また、あるときジャングルは「ビネガーテイスターズ」という、3人の賢者がビネガーの大きなつぼを囲み、なめてみて、それぞれ違う表情をする、という中国の墨絵を描きました。その絵では、孔子は、すっぱい顔をしている。仏陀は、苦い顔。そして、老子は笑っている。ジャングルは「人生はどうとらえるか次第なんだよ。タオでは、人生はありのままでよしとし、すべてを楽しんでいくのさ。」と教えてくれました。
わたしが去年11月におとずれたオーストリアの湖のほとりハルシュタットでは、古くからケルト人が住み、岩塩を採っていたのですが、その岩を少し買ってきてなめてみました。むらさき色のクリスタルのような美しい石です。大昔とおんなじであろうしょっぱい味に驚きながら、古代人の暮らしに思いをはせていました。

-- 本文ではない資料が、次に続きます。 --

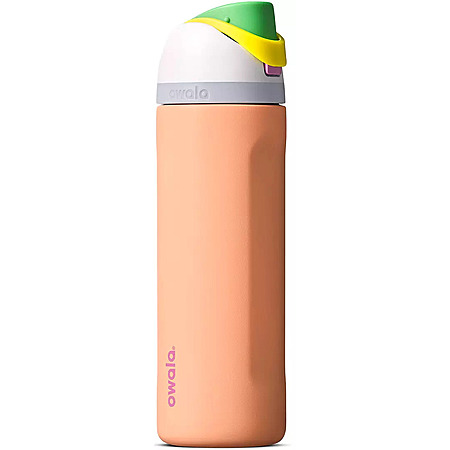 24-Oz Owala FreeSip Stainless Steel Water Bottle (Peachy Keen) $15 + Free Shipping on $49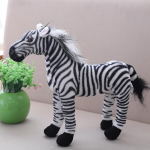 30 cm imitaciniai arklio pliu&scaron;iniai žaislai Mieli įdaryti gyvūnai Zebra lėlė Mink&scaron;ta tikrovi&scaron;ka arklio žaislas Vaikų gimtadienio dovana 30cm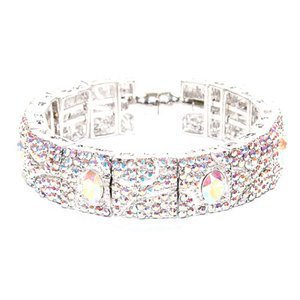 Crystal Aurora Boreale Statement Bracelet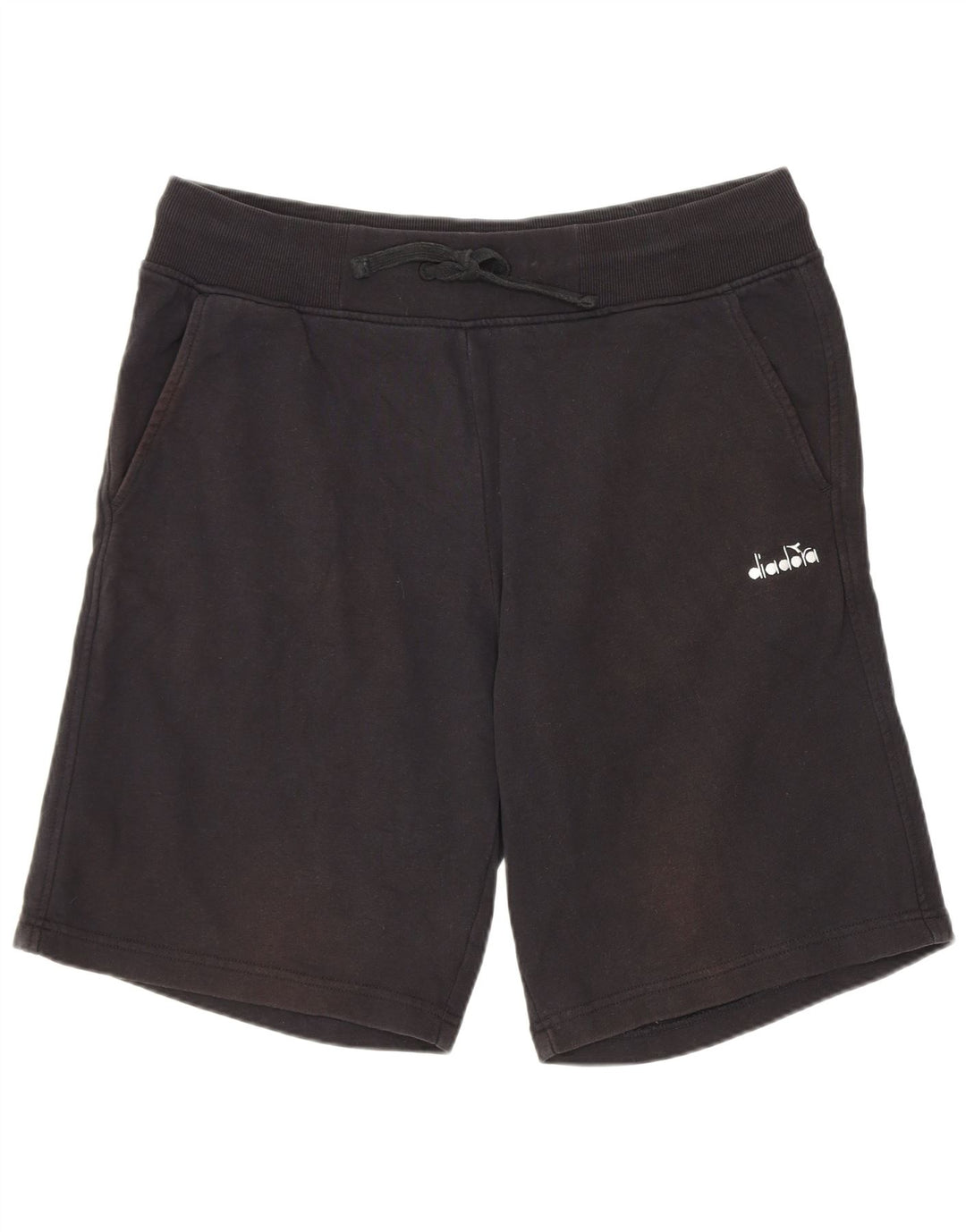 Diadora Herren-Sportshorts, große schwarze Baumwolle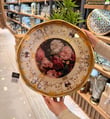 Lüks Akrilik Yuvarlak Tepsi Rose Dream 40*5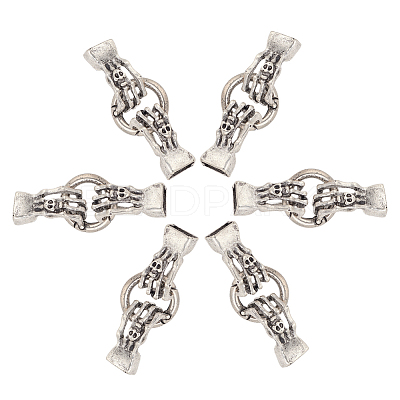 6 Sets Alloy Spring Gate Rings FIND-AR0003-14-1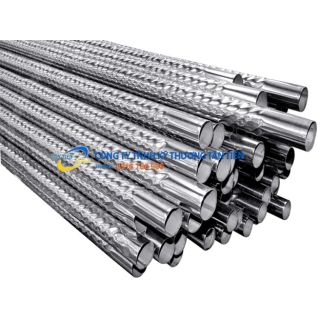 Ống inox trang trí 19.1 mm ~ 89.1 mm hình trúc xoắn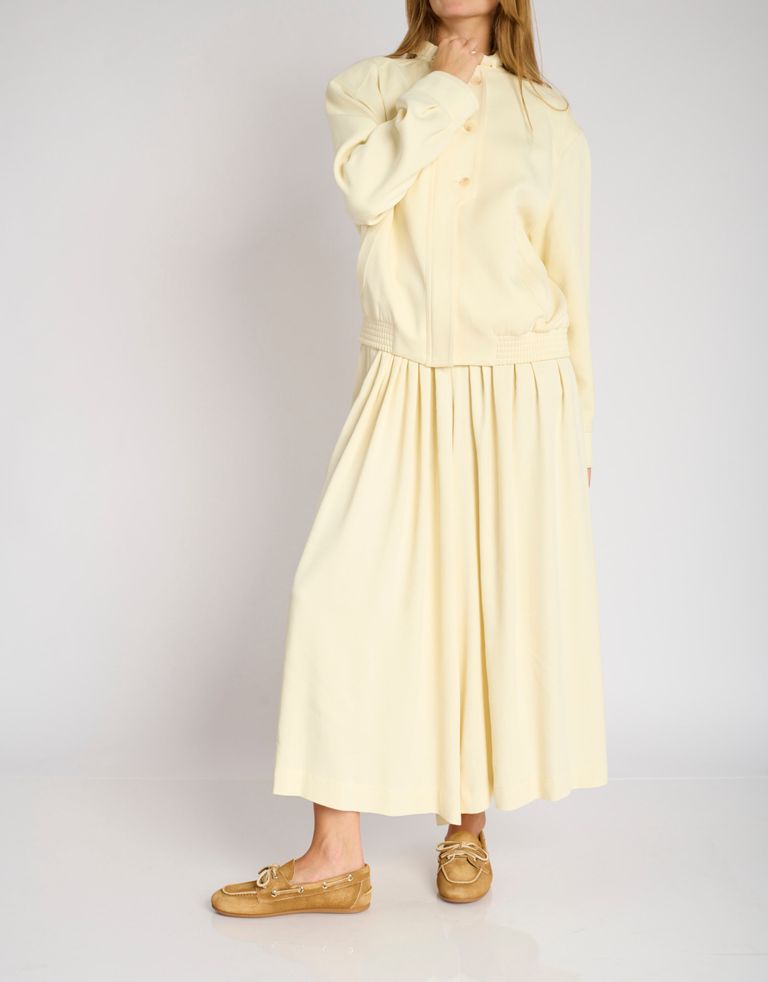 נעלי נשים - Jeffrey Campbell - נעלי מוקסין זמש BOAST - קאמל2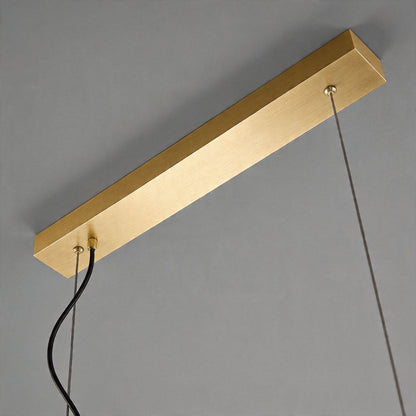 Linear Modern Chandelier Minimalist Creative Ceiling Light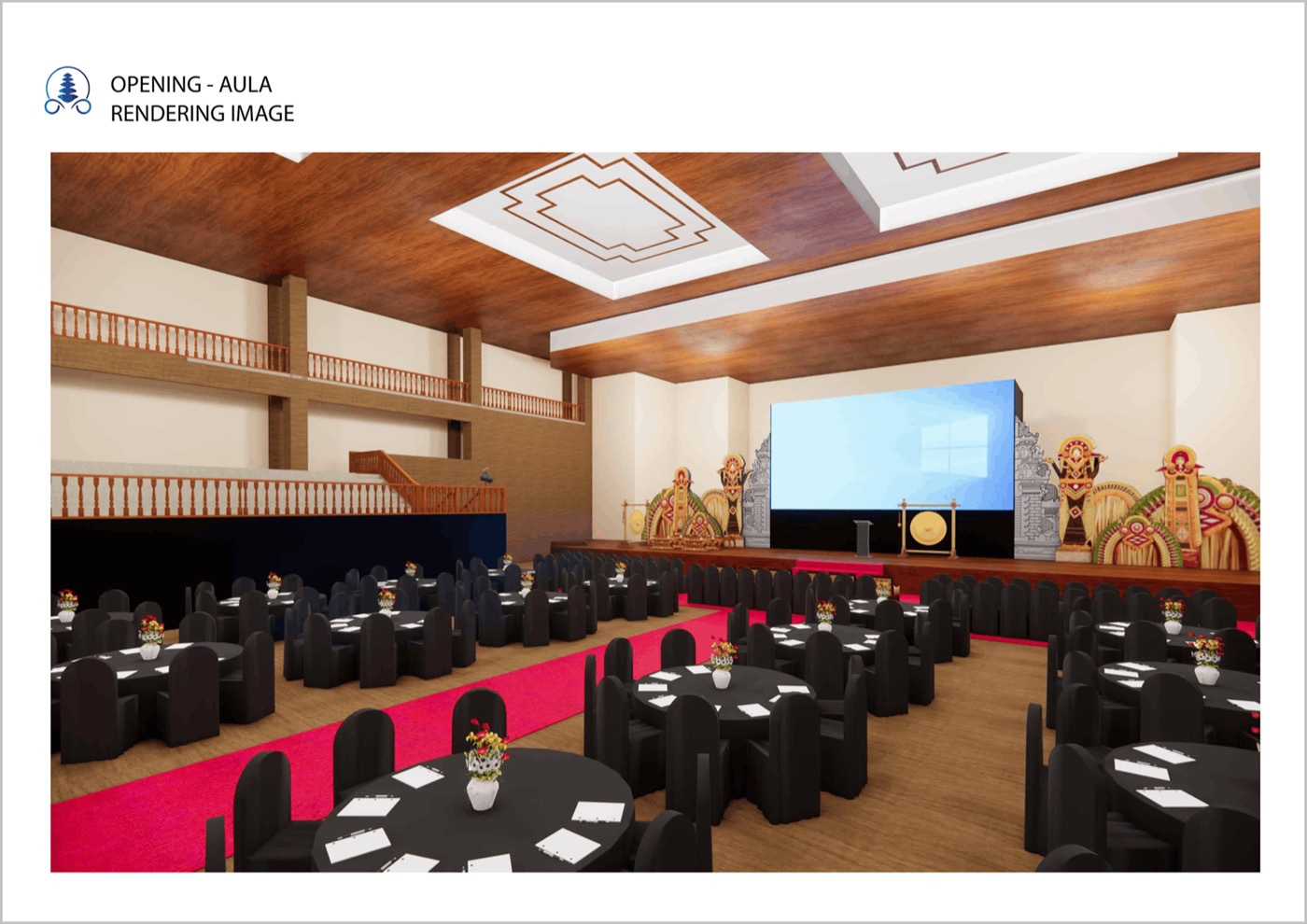 Opening hall rendering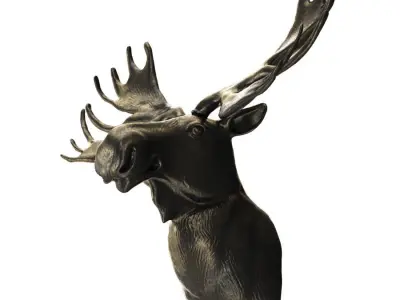 Elks head 3D model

ハルシュタットでは山が、湖のそばまで迫っていて、土地がないため、古くから住民は亡くなった人を埋葬したあと何年かして骨を掘り出し、頭蓋骨にお花の絵を描いてBone Houseに収めるということをしてきました。ずらりと並んだ色とりどりの花のついた頭蓋骨を見ていたら、死が生とつながっているような気がしました。
今年はメール通信で、わたしが訪ねたいくつかの世界の聖地について書いていこうと思っているのですが、出発地はわが、アートセラピールームかもしれません。多くのナースが妊娠しているし、わたしの長い黒髪もつやつや、レイラインも通っているかもしれないしなあ。
ジャングルは「俺は犬が好きだから、「Oh, my God!」という代わりに、「Oh, my dog! 」と言うことにしたのさ」などといって笑っていたときもありましたっけ。そんなクリエイティブな発想のできる場、聖地にはアートあり、ですね。